Answer :
Sure! Let's solve the problem of subtracting the two mixed numbers: [tex]\(5 \frac{13}{15}\)[/tex] and [tex]\(2 \frac{3}{5}\)[/tex].
### Step-by-Step Solution:
1. Convert Mixed Numbers to Improper Fractions:
- First, we need to convert each mixed number into an improper fraction for easier subtraction.
For [tex]\(5 \frac{13}{15}\)[/tex]:
- Multiply the whole number by the denominator: [tex]\(5 \times 15 = 75\)[/tex].
- Add the numerator: [tex]\(75 + 13 = 88\)[/tex].
- The improper fraction is [tex]\(\frac{88}{15}\)[/tex].
For [tex]\(2 \frac{3}{5}\)[/tex]:
- Multiply the whole number by the denominator: [tex]\(2 \times 5 = 10\)[/tex].
- Add the numerator: [tex]\(10 + 3 = 13\)[/tex].
- The improper fraction is [tex]\(\frac{13}{5}\)[/tex].
2. Find a Common Denominator:
- To subtract the fractions, they must have the same denominator.
- The denominators here are 15 and 5. The least common multiple of 15 and 5 is 15.
3. Convert to a Common Denominator:
- [tex]\(\frac{88}{15}\)[/tex] is already over 15.
- Convert [tex]\(\frac{13}{5}\)[/tex] to a denominator of 15:
- Multiply both the numerator and the denominator by 3: [tex]\(\frac{13 \times 3}{5 \times 3} = \frac{39}{15}\)[/tex].
4. Subtract the Fractions:
- Now subtract [tex]\(\frac{39}{15}\)[/tex] from [tex]\(\frac{88}{15}\)[/tex] by subtracting the numerators:
- [tex]\(\frac{88 - 39}{15} = \frac{49}{15}\)[/tex].
5. Convert the Result Back to a Mixed Number:
- Divide the numerator by the denominator: 49 ÷ 15 equals 3 with a remainder of 4.
- So, [tex]\(\frac{49}{15}\)[/tex] as a mixed number is [tex]\(3 \frac{4}{15}\)[/tex].
Therefore, the result of [tex]\(5 \frac{13}{15} - 2 \frac{3}{5}\)[/tex] is [tex]\(3 \frac{4}{15}\)[/tex].
### Step-by-Step Solution:
1. Convert Mixed Numbers to Improper Fractions:
- First, we need to convert each mixed number into an improper fraction for easier subtraction.
For [tex]\(5 \frac{13}{15}\)[/tex]:
- Multiply the whole number by the denominator: [tex]\(5 \times 15 = 75\)[/tex].
- Add the numerator: [tex]\(75 + 13 = 88\)[/tex].
- The improper fraction is [tex]\(\frac{88}{15}\)[/tex].
For [tex]\(2 \frac{3}{5}\)[/tex]:
- Multiply the whole number by the denominator: [tex]\(2 \times 5 = 10\)[/tex].
- Add the numerator: [tex]\(10 + 3 = 13\)[/tex].
- The improper fraction is [tex]\(\frac{13}{5}\)[/tex].
2. Find a Common Denominator:
- To subtract the fractions, they must have the same denominator.
- The denominators here are 15 and 5. The least common multiple of 15 and 5 is 15.
3. Convert to a Common Denominator:
- [tex]\(\frac{88}{15}\)[/tex] is already over 15.

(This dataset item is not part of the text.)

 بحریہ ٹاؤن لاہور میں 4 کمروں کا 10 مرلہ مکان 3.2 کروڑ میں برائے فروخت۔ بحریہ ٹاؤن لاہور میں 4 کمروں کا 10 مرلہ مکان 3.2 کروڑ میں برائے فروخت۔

- Convert [tex]\(\frac{13}{5}\)[/tex] to a denominator of 15:
- Multiply both the numerator and the denominator by 3: [tex]\(\frac{13 \times 3}{5 \times 3} = \frac{39}{15}\)[/tex].
4. Subtract the Fractions:
- Now subtract [tex]\(\frac{39}{15}\)[/tex] from [tex]\(\frac{88}{15}\)[/tex] by subtracting the numerators:
- [tex]\(\frac{88 - 39}{15} = \frac{49}{15}\)[/tex].
5. Convert the Result Back to a Mixed Number:
- Divide the numerator by the denominator: 49 ÷ 15 equals 3 with a remainder of 4.
- So, [tex]\(\frac{49}{15}\)[/tex] as a mixed number is [tex]\(3 \frac{4}{15}\)[/tex].
Therefore, the result of [tex]\(5 \frac{13}{15} - 2 \frac{3}{5}\)[/tex] is [tex]\(3 \frac{4}{15}\)[/tex].